Michèle Blouin ______ Michèle Blouin Membre

Lise Bergeron ______ Lise Bergeron Membre

Michel P. Granger ______ Michel P. Granger Membre





Dans le cadre de son entreprise, l'appelant vend au comptoir des pièces de véhicules tout-terrains de 16 roues appelés «débroussailleuses» (bush swampers). Un témoin de l'appelant a déclaré qu'environ 5 p. 100 des pièces sont vendues dans le cadre de la réparation des débroussailleuses de clients. L'appelant a déposé une demande de remboursement de la taxe de vente fédérale à l'inventaire relativement à des pièces de débroussailleuses. L'intimé a rejeté la demande sur le motif que les pièces étaient utilisées dans le cadre de la prestation d'un service de réparation et que, à ce titre, elles ne figuraient pas à l'inventaire et n'étaient pas destinées à la fourniture taxable par vente. L'appelant a appelé de la détermination au Tribunal.

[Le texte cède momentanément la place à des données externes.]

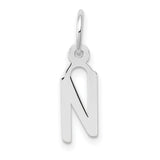 10k White Gold Pendant with Uppercase N Letter Charm in Cutout Block Design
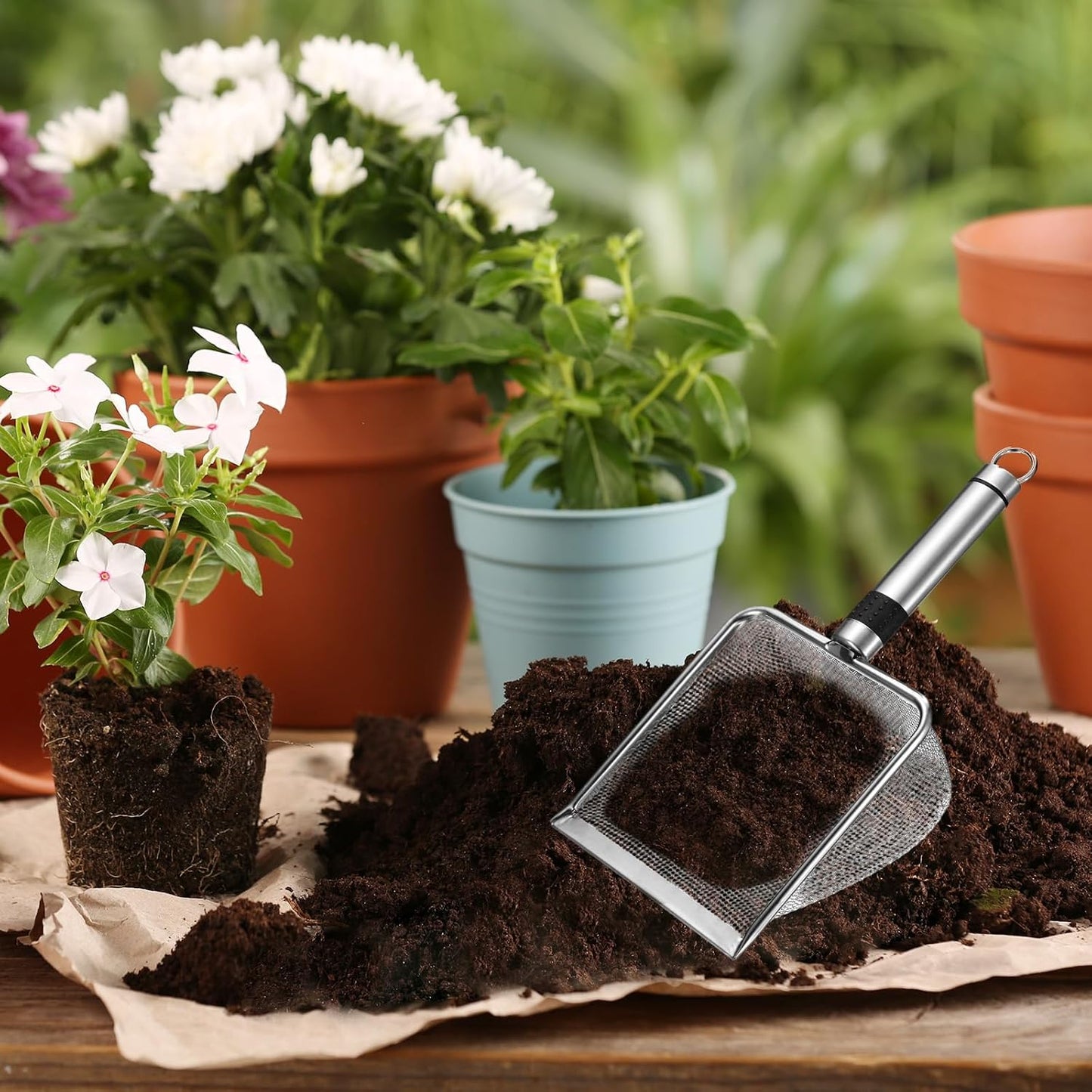 4-Pack Gardening Soil Sifter, 2/2.8/3.8/5 mm Mesh Stainless Steel Sand Soil Compost Sieve with Stainless Steel Handle for Sand/Dirt/Rock Compost, Screen Potting Scoop [Silver Tone]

DÉCISION : L'appel est admis. Le 1 er janvier 1991, l'appelant avait à son inventaire des pièces de débroussailleuses destinées à la vente, qu'il s'agisse d'une vente telle quelle ou d'une vente dans le cadre d'un contrat comportant également la prestation de services. Par conséquent, les marchandises donnent droit au remboursement.

Lieu de l'audience : Ottawa (Ontario) Date de l'audience : Le 5 avril 1993 Date de la décision : Le 21 septembre 1993
Membres du Tribunal : Arthur B. Trudeau, membre présidant Michèle Blouin, membre Lise Bergeron, membre
Avocat pour le Tribunal : David M. Attwater
Greffier : Janet Rumball
Ont comparu : Yvon et Margaret Genereux, pour l'appelant Michelle Mann, pour l'intimé





Le présent appel est interjeté aux termes de l'article 81.19 de la Loi sur la taxe d'accise [1] (la Loi) à l'égard d'une détermination du ministre du Revenu national (le Ministre) ayant pour effet de rejeter, en partie, une demande de remboursement de la taxe de vente fédérale (TVF) à l'inventaire déposée conformément à l'article 120 [2] de la Loi.

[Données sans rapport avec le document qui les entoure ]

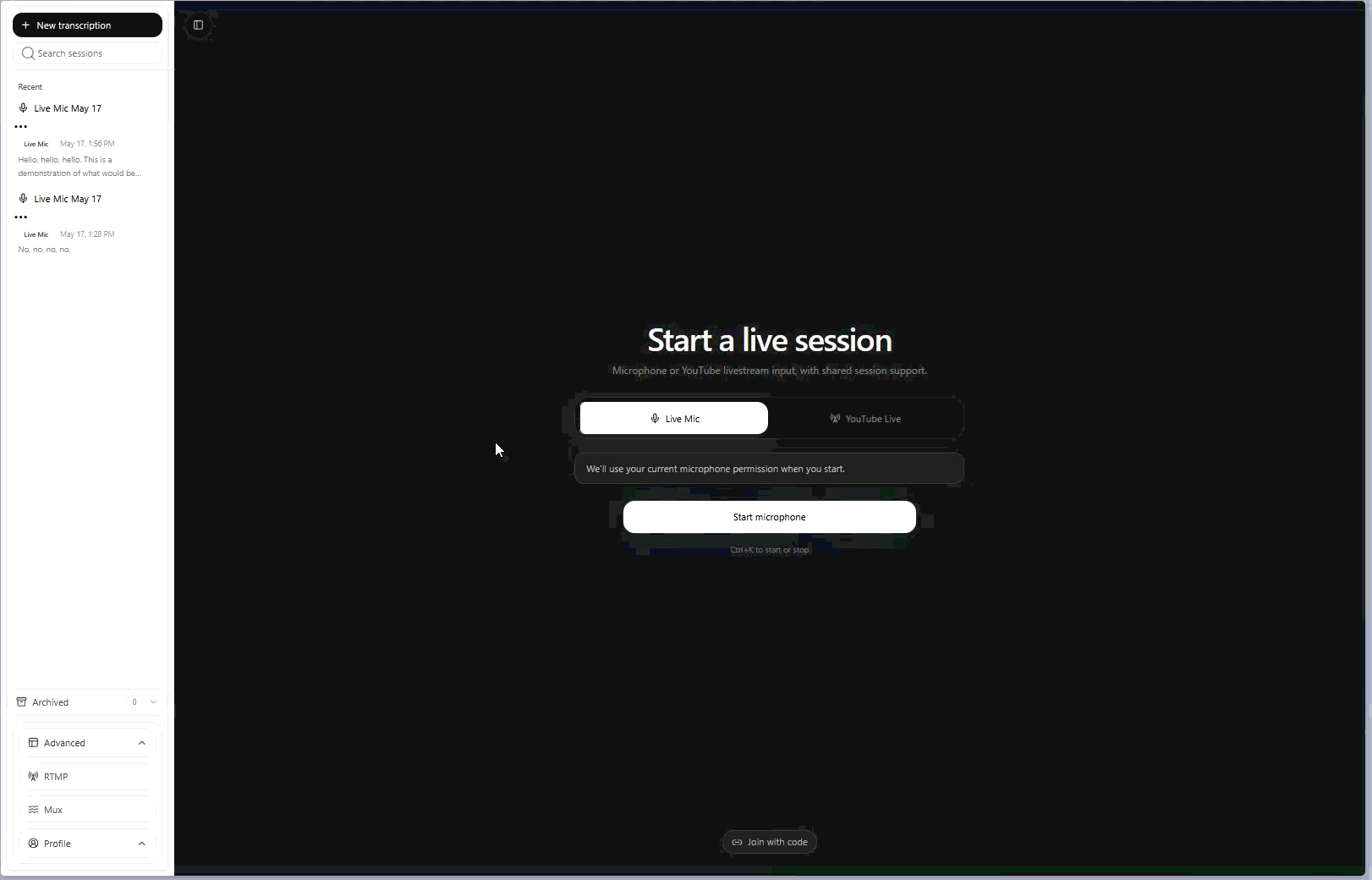 Salomon Transcribe live transcription app preview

Yvon et Margaret Genereux ont tous deux comparu pour le compte de l'appelant. Mme Genereux a déclaré que la société appelante est une petite entreprise familiale. Depuis 1965, sa principale activité est la vente et la distribution de pièces de motoneiges. En 1987, l'appelant a commencé à tenir des pièces de véhicules tout-terrains de 16 roues appelés «débroussailleuses» (bush swampers). Comme dans le cas des pièces de motoneiges, l'appelant vend au comptoir des pièces de débroussailleuses. M. Genereux effectue également en atelier des réparations de motoneiges et de débroussailleuses.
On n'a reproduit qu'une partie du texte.